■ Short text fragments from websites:
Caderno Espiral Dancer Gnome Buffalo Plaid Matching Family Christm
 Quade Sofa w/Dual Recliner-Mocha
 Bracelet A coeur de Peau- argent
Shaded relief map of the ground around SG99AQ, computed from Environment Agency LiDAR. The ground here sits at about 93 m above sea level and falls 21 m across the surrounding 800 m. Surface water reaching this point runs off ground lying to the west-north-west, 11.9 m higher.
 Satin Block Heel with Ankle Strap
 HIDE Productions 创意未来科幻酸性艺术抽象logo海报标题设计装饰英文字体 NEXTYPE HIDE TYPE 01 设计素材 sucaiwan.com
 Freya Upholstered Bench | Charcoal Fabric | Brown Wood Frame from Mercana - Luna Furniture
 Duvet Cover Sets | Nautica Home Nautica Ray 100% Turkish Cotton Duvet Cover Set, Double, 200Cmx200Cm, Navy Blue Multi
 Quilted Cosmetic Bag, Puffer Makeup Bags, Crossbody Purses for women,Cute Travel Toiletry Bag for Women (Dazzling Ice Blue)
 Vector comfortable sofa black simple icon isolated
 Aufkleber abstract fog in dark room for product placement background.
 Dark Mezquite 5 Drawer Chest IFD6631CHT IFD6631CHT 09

■ WHAT IS EXPECTED: Transcribe exactly, and only, the lines from the one bearing "Duvet Cover Sets" through the last line of the entries, counting both.

■ THE ANSWER:
 Duvet Cover Sets | Nautica Home Nautica Ray 100% Turkish Cotton Duvet Cover Set, Double, 200Cmx200Cm, Navy Blue Multi
 Quilted Cosmetic Bag, Puffer Makeup Bags, Crossbody Purses for women,Cute Travel Toiletry Bag for Women (Dazzling Ice Blue)
 Vector comfortable sofa black simple icon isolated
 Aufkleber abstract fog in dark room for product placement background.
 Dark Mezquite 5 Drawer Chest IFD6631CHT IFD6631CHT 09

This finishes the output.